(DATA TO USE begins)

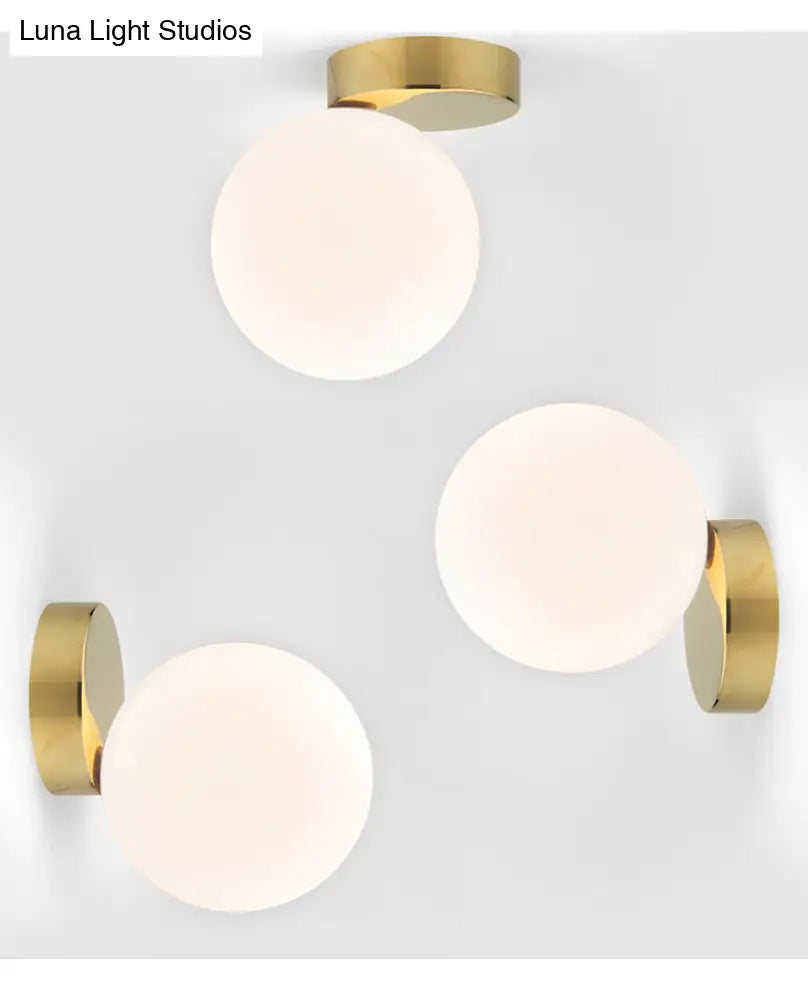 Modern Opal Glass Flush Mount With 1-Light Spherical Shade For Hallway Lighting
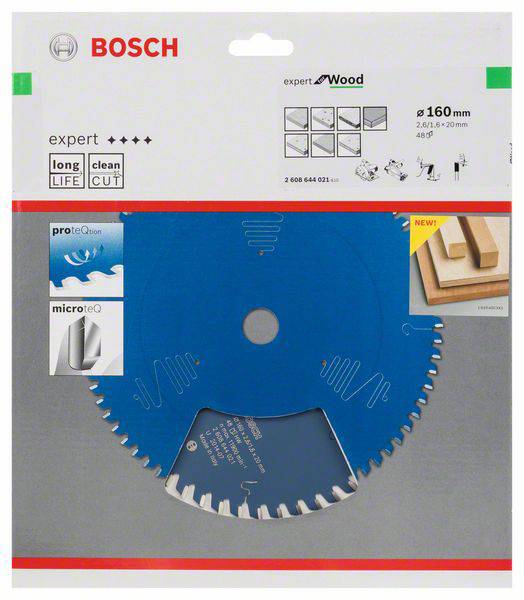 Bosch Kreissägeblatt für Holz, Durchmesser 160 mm, long life, clean cut. Geeignet für proteQtion und microteQ Materialien.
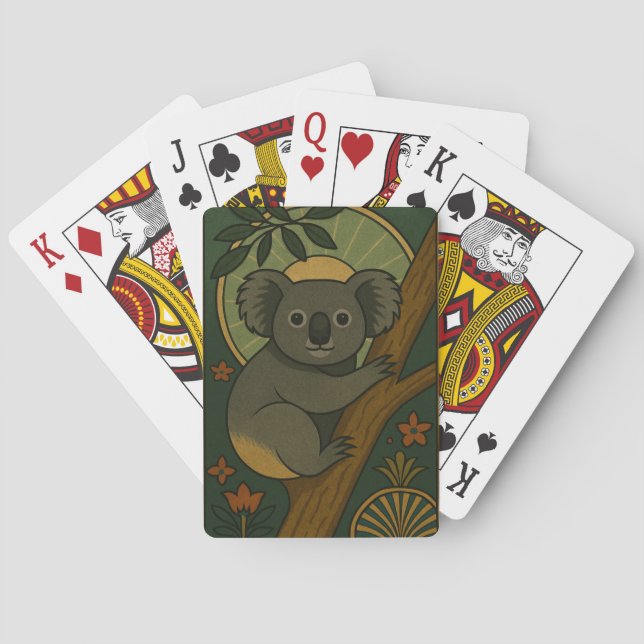 Ornamental Koala i Botanical Mandala Casinokort (Baksidan)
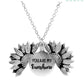Charm Openable Sunflower Double Lettering Pendant Flower Necklace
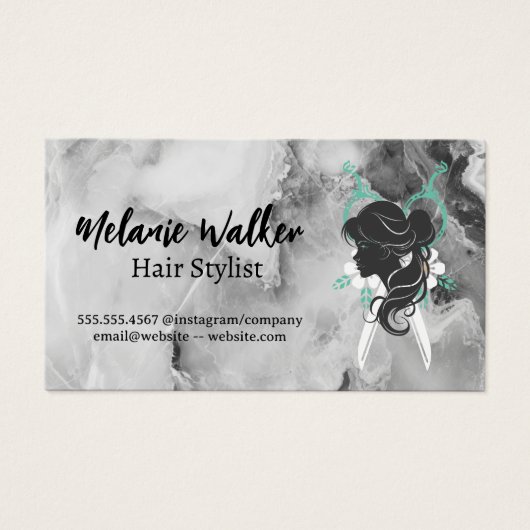 Silhouette für Frauen | Salon Scissors | Marmor (Vorderseite)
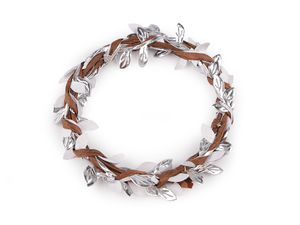 Ghirlandă din sârmă cu frunze metalice - Vrej decorativ floral flexibil, 2m
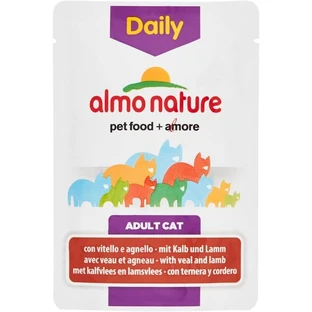 Almo nature Daily menu kalfsvlees en lam - volledig natvoer voor volwassen katten 70 gr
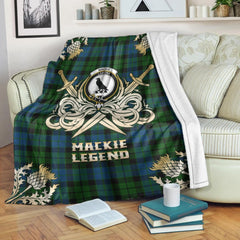 Clan MacKie Tartan Gold Courage Symbol Blanket NW78 Clan Mackie Tartan Today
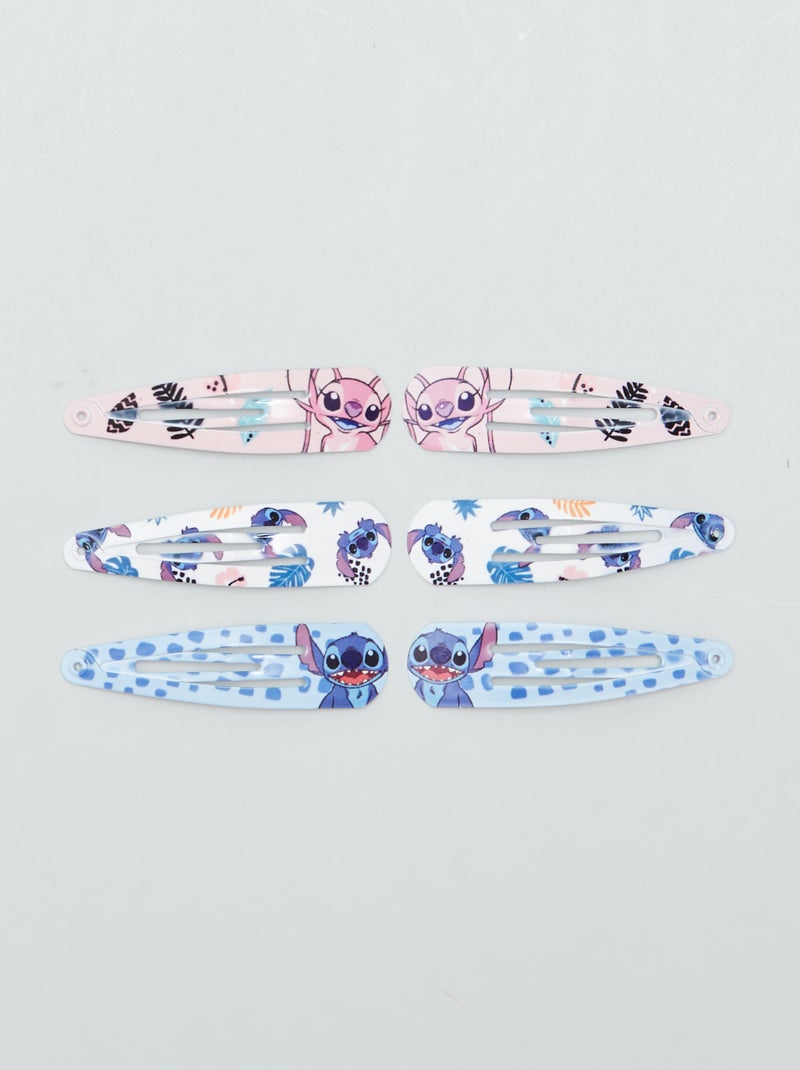 Lot de 6 pinces 'Stitch' Blanc/bleu/rose - Kiabi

(DATA TO USE ends)

Once you find the line that contains "Ghirlandă din sârmă", reproduce it and every line after it through the end of the entries above, exactly as written, with no pictures.

 Ghirlandă din sârmă cu frunze metalice - Vrej decorativ floral flexibil, 2m
 Almo nature Daily menu kalfsvlees en lam - volledig natvoer voor volwassen katten 70 gr
 Clan MacKie Tartan Gold Courage Symbol Blanket NW78 Clan Mackie Tartan Today
 Lot de 6 pinces 'Stitch' Blanc/bleu/rose - Kiabi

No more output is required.